Modeling Holiday Seasonality Demand

There is no question that holidays are very critical for retailers. The National Retail Federation (NRF) even has a dedicated page for holiday trends covering occasions like Christmas, Easter, and St. Patrick’s Day. More broadly, it also tracks other important events such as Mother’s Day, Valentine’s Day, and the Super Bowl. Intuitively, we can guess that each holiday may impact different products to different degrees. One often overlooked aspect is that in certain cases, demand builds up before the holiday and then drops off suddenly afterward; the rate of decay can vary by product. In some applications, the demand model should capture this behavior, and we want to learn it from data.

One way to model this behavior is to use a negative exponential decay function, such as: \( \text{demand} \propto e^{-\alpha x} \) where \( \alpha \) is the decay parameter controlling how fast demand drops after the peak.

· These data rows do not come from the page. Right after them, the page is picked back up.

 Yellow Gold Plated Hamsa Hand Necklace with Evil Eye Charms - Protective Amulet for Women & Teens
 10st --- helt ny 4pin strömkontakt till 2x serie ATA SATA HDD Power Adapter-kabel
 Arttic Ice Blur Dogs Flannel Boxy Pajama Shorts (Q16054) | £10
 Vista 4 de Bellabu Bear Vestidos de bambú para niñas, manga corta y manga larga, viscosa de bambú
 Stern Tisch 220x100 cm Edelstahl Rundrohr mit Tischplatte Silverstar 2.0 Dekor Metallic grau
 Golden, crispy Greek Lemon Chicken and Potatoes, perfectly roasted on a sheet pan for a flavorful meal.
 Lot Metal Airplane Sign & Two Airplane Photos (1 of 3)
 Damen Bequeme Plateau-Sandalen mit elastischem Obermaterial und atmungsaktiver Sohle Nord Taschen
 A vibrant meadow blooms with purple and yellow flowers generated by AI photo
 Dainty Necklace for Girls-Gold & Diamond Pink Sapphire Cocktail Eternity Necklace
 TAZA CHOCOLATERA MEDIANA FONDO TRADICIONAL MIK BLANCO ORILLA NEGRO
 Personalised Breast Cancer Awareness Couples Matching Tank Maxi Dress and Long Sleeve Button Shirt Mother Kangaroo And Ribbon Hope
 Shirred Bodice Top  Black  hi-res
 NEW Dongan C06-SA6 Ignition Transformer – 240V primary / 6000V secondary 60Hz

When using a linear regression model, we can include multiple features with different \( \alpha \) values representing different decay speeds. The model then learns from data which decay parameters best explain the observed demand.

Alternatively, we can build a custom optimization model that directly estimates the optimal decay parameters by minimizing forecasting errors, providing more tailored control.

A third approach is to approximate the decay by combining two exponential features with distinct α values and learn a weighted average between them. While this is an approximation, it can perform well in many practical scenarios and offers a good balance between complexity and accuracy.